— Work order —
Copy each entry precisely as written, and do not carry over the pictures.

-- Records for the task follows --

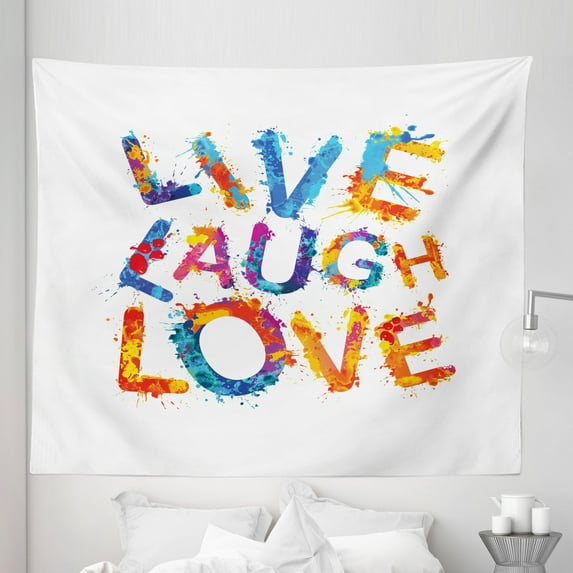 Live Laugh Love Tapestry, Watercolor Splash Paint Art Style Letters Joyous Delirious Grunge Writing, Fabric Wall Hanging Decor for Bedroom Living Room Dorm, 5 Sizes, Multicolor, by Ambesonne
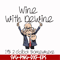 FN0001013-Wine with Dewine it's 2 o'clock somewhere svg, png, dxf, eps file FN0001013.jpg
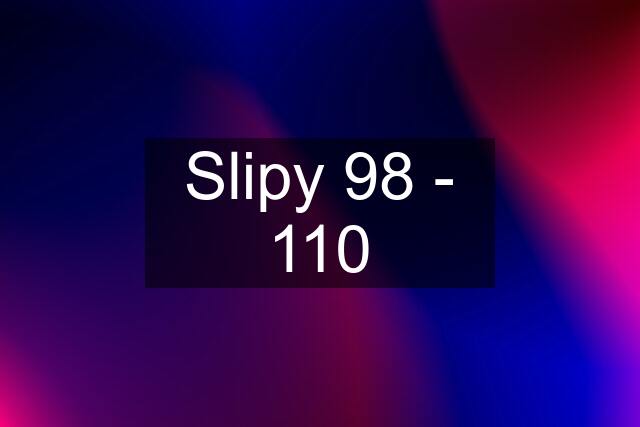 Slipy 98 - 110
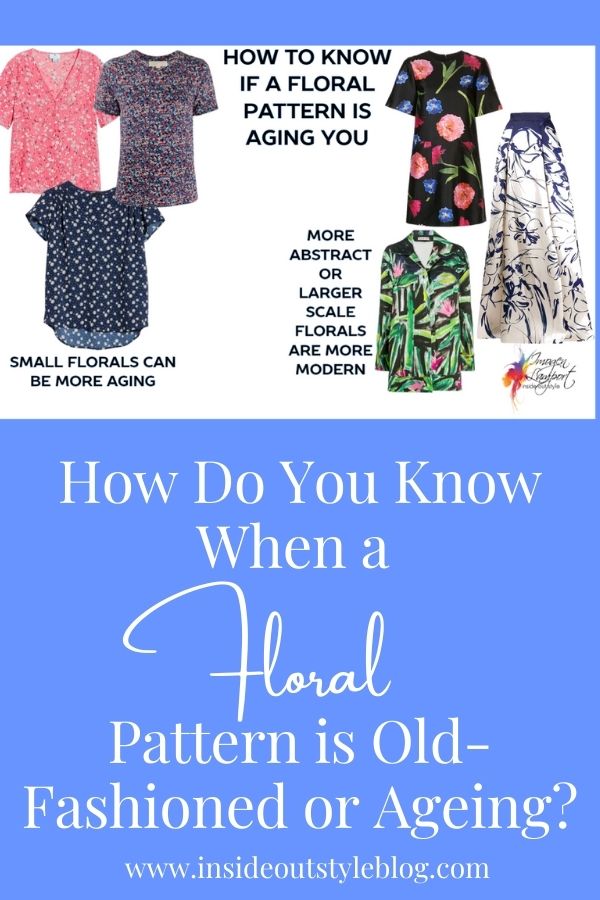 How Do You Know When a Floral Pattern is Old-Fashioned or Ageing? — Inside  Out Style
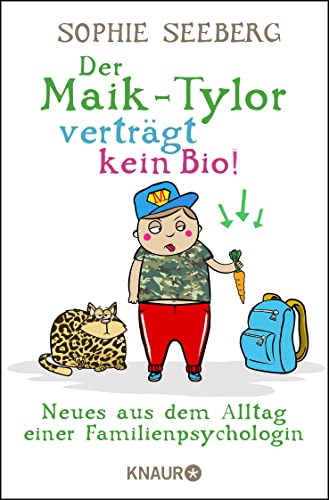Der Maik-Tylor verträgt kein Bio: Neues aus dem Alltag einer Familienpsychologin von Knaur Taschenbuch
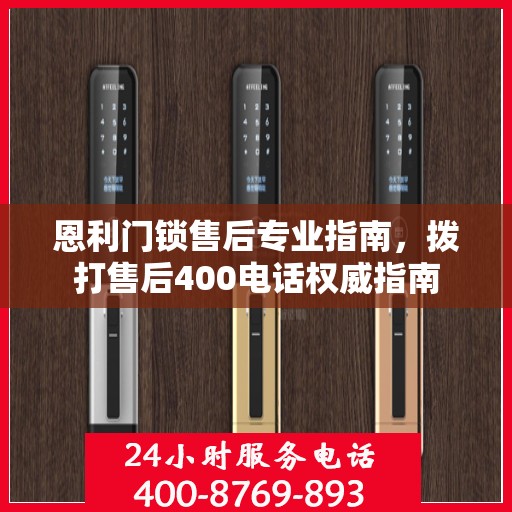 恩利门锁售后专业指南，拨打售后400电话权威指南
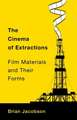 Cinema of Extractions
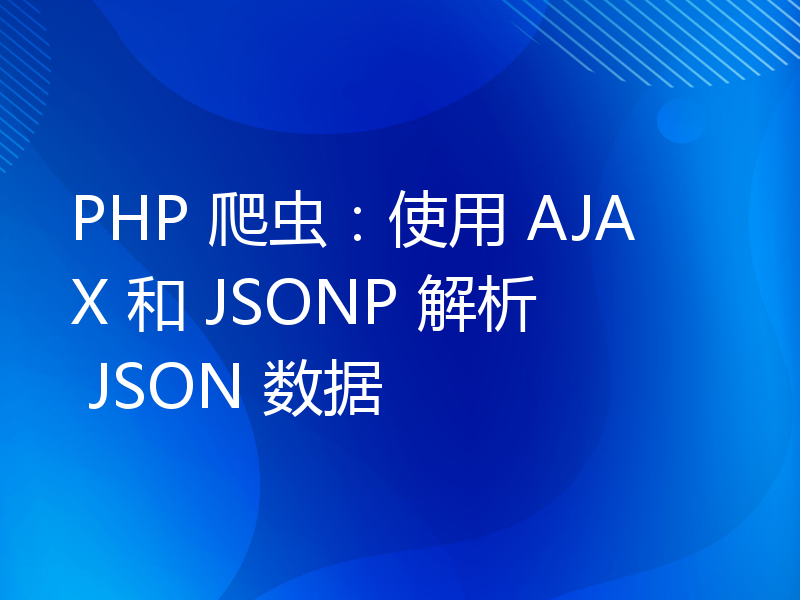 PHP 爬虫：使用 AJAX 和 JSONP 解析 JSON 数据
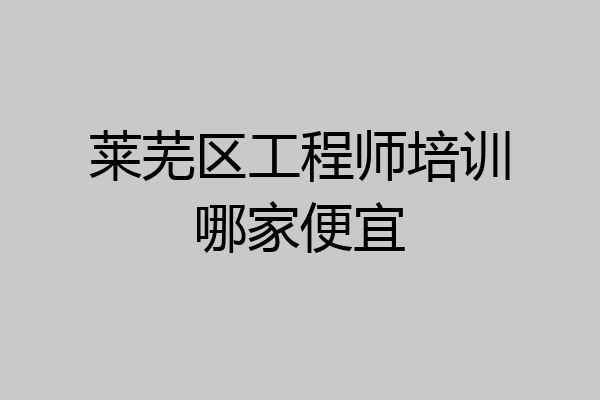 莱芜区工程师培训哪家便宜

-- Records for the task concluded --

— Exercise output —
 Live Laugh Love Tapestry, Watercolor Splash Paint Art Style Letters Joyous Delirious Grunge Writing, Fabric Wall Hanging Decor for Bedroom Living Room Dorm, 5 Sizes, Multicolor, by Ambesonne
 FN0001013-Wine with Dewine it's 2 o'clock somewhere svg, png, dxf, eps file FN0001013.jpg
 Slipy 98 - 110
 How Do You Know When a Floral Pattern is Old-Fashioned or Ageing? — Inside  Out Style
Der Maik-Tylor verträgt kein Bio: Neues aus dem Alltag einer Familienpsychologin von Knaur Taschenbuch
 恩利门锁售后专业指南，拨打售后400电话权威指南
 Cinema of Extractions
 PHP 爬虫：使用 AJAX 和 JSONP 解析 JSON 数据
 莱芜区工程师培训哪家便宜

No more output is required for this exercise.